At Intel's CES keynote on Wednesday evening, Intel opened with a look at its Cannon Lake processor, a 10nm chipset sporting x86 architecture.
Intel aimed to alleviate tepid reactions to its current Kaby Lake. Whereas Kaby took Intel's processors one step forward, the company believes Cannon Lake qualifies as a jump of much more than just a few more megahertz.
The company also divulged more information on its aggressive expansion into the burgeoning VR marketplace. The keynote hall was adorned in leather chairs where attendees could strap on Oculus Rift headsets and sample VR demos running in conjunction with Intel hardware.
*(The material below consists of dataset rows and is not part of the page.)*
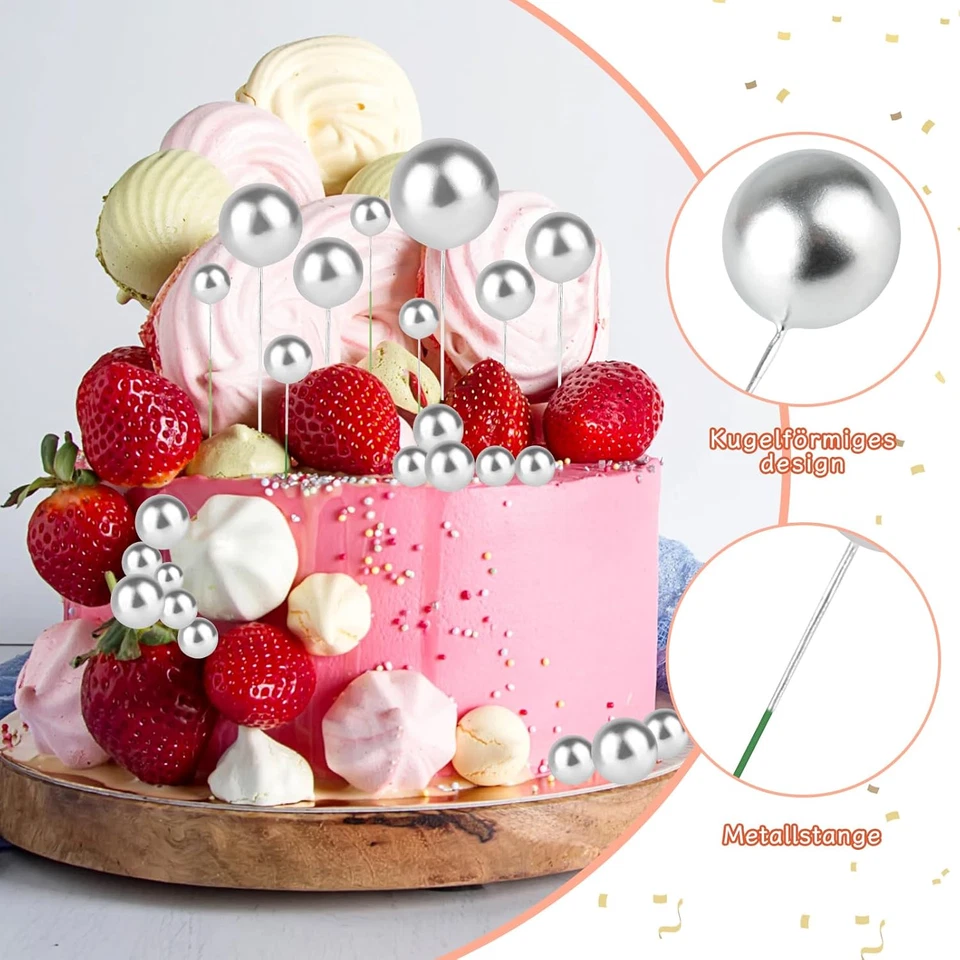 30 Palline Decorative per Torte, Topper per Compleanno, Decorazione per Torte Di - Immagine 3 di 4
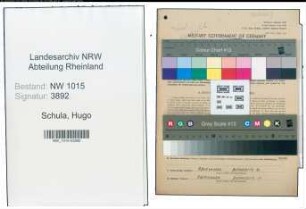 Entnazifizierung Hugo Schula , geb. 12.05.1893 (Bezirksvertreter)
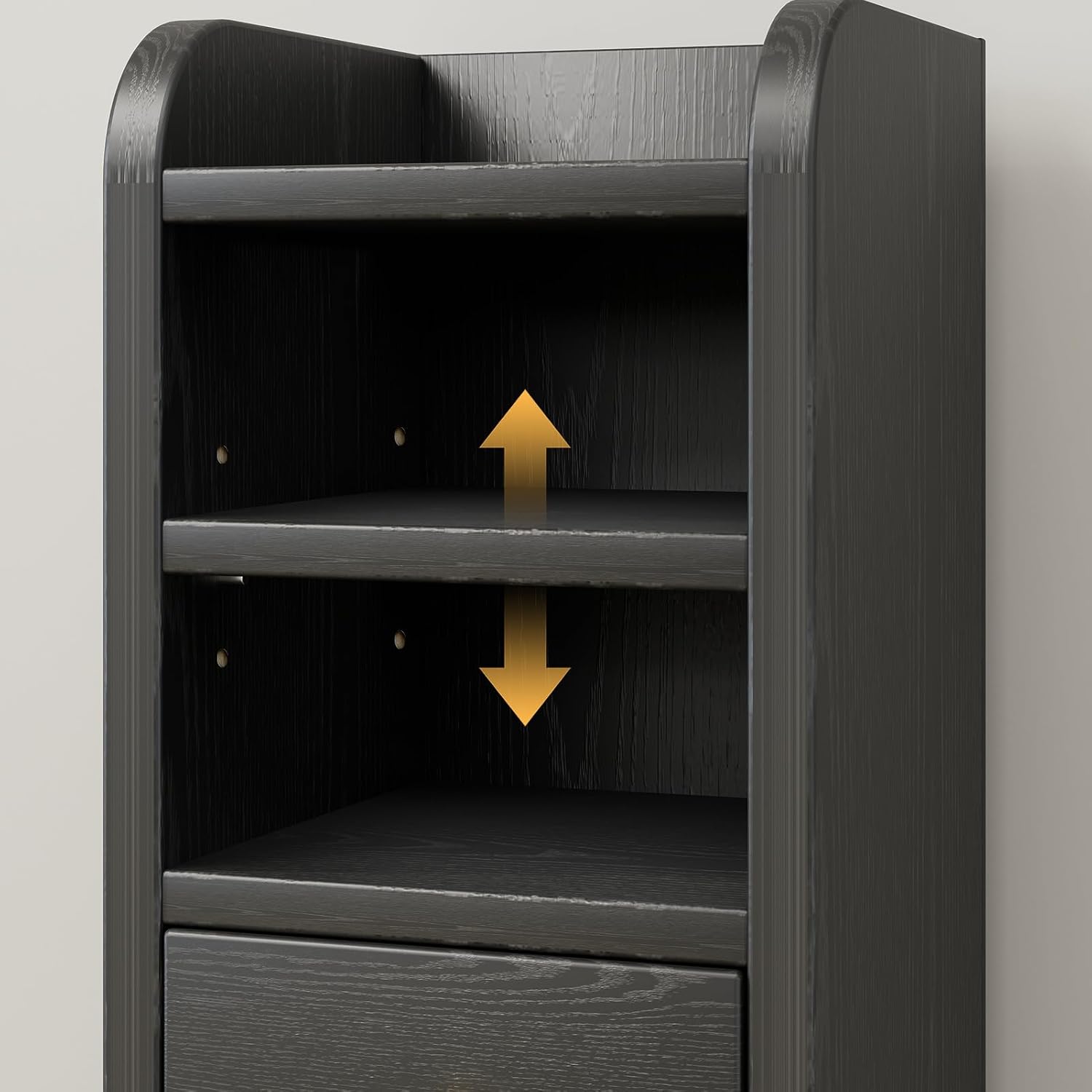 ITEFDTUTNE Small Bathroom Storage Cabinet Narrow Bathroom Corner Floor Cabinet with Adjustable Shelves/Door Black Free Standing Narrow Cabinet for Bathroom, Living Room, Small Spaces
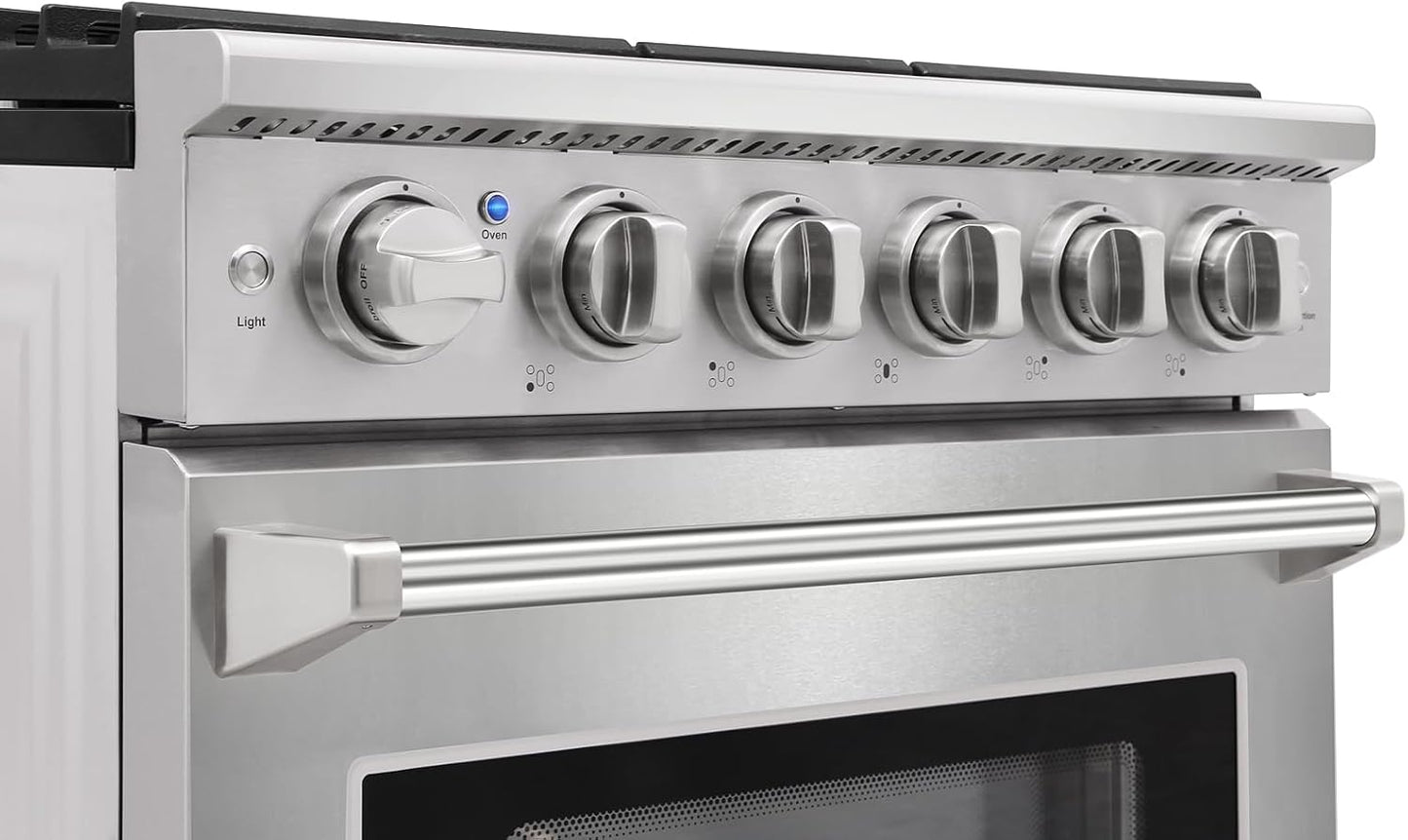 30 Inch Professional Freestanding Pro-Style Natural Gas Range or Liquid Propane Gas Range with 5 Burners, 4.55 Cu.Ft. Oven Capacity, in Stainless Steel - KOS-30RG03M (Stainless Steel)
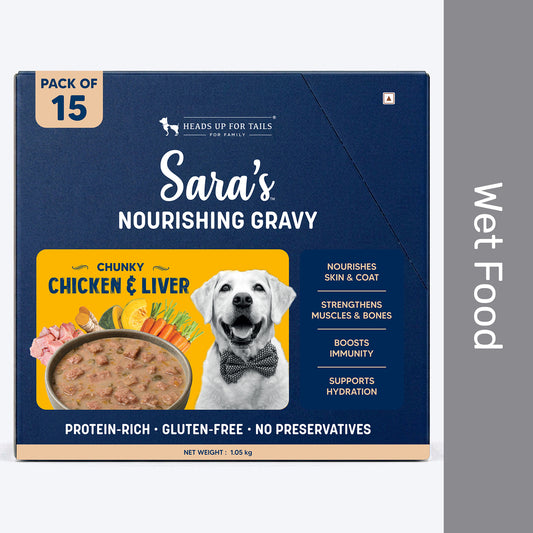 Sara’s Nourishing Gravy Chunky Chicken & Liver Wet Food For Dog - Pack Of 15 (70 gm Each)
One demo rendered a rural scene complete with a river and water buffalo.
In the same vein, Intel's Project Alloy VR is a "mixed reality" device—a blend of augmented and virtual reality tech—that the company plans to ship in Q4 of 2017. No manufacturer for Alloy was announced, nor did Intel give any hint as to how much it will cost.
Intel hardware has been represented far and wide at this year's CES in Las Vegas. Acer's $9000 Predator 21 X laptop boasts an Intel Intel i7-7820HK, as well as twin Nvidia GeForce GTX 1080 GPUs and 64GB of DDR4-2400 memory.